Jaffrey is known for creating a Guinness Book of World Records 17,000-square-foot canvas humbly titled “The Journey of Mankind,” which he created at the Atlantis Palm Hotel in Dubai and sold for $62 million. (The current record holder for largest canvas, according to the Guinness Book website, is Emad Salehi of Qatar as of December 2022.) The website of the Leila Heller Gallery in Chelsea lists Jaffrey’s work as part of the collections of Barack Obama, George Clooney and “ the UAE ruling family’. Now it seems the artist has gone from making art so big it can be seen from space to sending works directly into it. I’d say it’s really cool to see an artist grow in their practice like this, but I think we can all agree that’s definitely not the case.
According to reports, the artifact was commissioned by British space robotics technology Spacebit and will be sent using NASA’s Commercial Payload Services, which offers “rapid acquisition of lunar delivery services from US companies” for projects that “advance science capabilities , exploration or commercial development of the Moon.” (A NASA representative quickly clarified on Hyperallergic (that the agency “has no involvement or oversight” in the arts initiative.)
Of course, space art is a competitive field, with a lot of news made around last year’s announcement that Jeff Koons would be the first “authorized” artist to send (crappy) artwork to the moon. Although the project, titled “Moon Phases,” generated a lot of press and several ground art objects and NFTs, there appears to be no evidence that any of Koons’ sculptures were actually launched into orbit. (Hyperallergic (has reached out to Pace Gallery for comment on the opening of Koons’ space gallery.)

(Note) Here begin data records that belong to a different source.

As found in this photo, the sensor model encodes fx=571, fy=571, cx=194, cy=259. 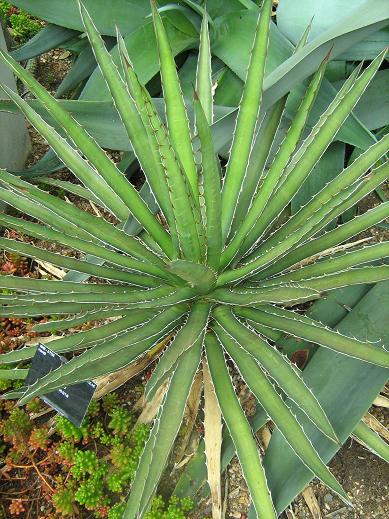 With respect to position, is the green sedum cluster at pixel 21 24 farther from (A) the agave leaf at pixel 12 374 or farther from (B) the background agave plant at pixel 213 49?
(A) the agave leaf at pixel 12 374

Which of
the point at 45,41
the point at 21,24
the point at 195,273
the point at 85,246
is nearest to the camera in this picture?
the point at 195,273

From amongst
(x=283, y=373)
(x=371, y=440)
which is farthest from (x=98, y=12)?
(x=371, y=440)

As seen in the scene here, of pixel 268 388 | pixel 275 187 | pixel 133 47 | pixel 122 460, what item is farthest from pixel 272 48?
pixel 122 460

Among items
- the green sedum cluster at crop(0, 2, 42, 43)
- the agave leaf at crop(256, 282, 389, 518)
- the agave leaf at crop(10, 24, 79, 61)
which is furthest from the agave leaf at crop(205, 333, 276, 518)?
the green sedum cluster at crop(0, 2, 42, 43)

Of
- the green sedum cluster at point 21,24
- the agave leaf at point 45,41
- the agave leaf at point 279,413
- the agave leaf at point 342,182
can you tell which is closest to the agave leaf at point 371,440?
the agave leaf at point 279,413

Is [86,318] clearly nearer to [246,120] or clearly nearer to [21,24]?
[246,120]

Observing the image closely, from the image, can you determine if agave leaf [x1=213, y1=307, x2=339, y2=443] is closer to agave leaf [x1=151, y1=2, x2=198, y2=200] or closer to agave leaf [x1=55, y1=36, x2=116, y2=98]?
agave leaf [x1=151, y1=2, x2=198, y2=200] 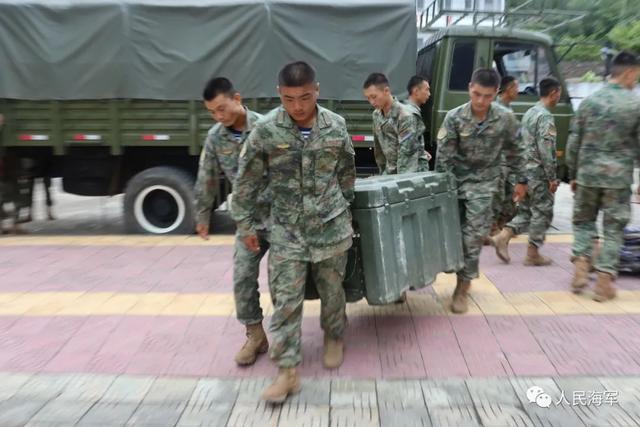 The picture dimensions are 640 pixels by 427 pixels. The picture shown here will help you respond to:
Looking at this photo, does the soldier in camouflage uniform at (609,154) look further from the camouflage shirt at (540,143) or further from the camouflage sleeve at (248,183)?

They better get going because billionaire Elon Musk’s proposed tour, which is reportedly on the schedule for Space X in 2023, is said to be right around the corner. It would be so embarrassing to send a bunch of people into space and not have crappy art for them to look at. Instead, they might be forced to, I don’t know, THINK ABOUT THE ENDLESS MYSTERY OF THE FUCKING COSMOS.
So let’s review: Billionaires have grown from loving crappy art to inflicting it on an unsuspecting (and thankfully indifferent) universe; Sacha Jaffrey has gone from creating (arguably) world-record-setting great art to a little out-of-this-world art; and the people running the greatest concentration of wealth on the planet continue to have no better ideas of what to do with it than shoot it into space. It paints a bleak picture of the future – which, by the way, is the motto of all current endeavors in space art.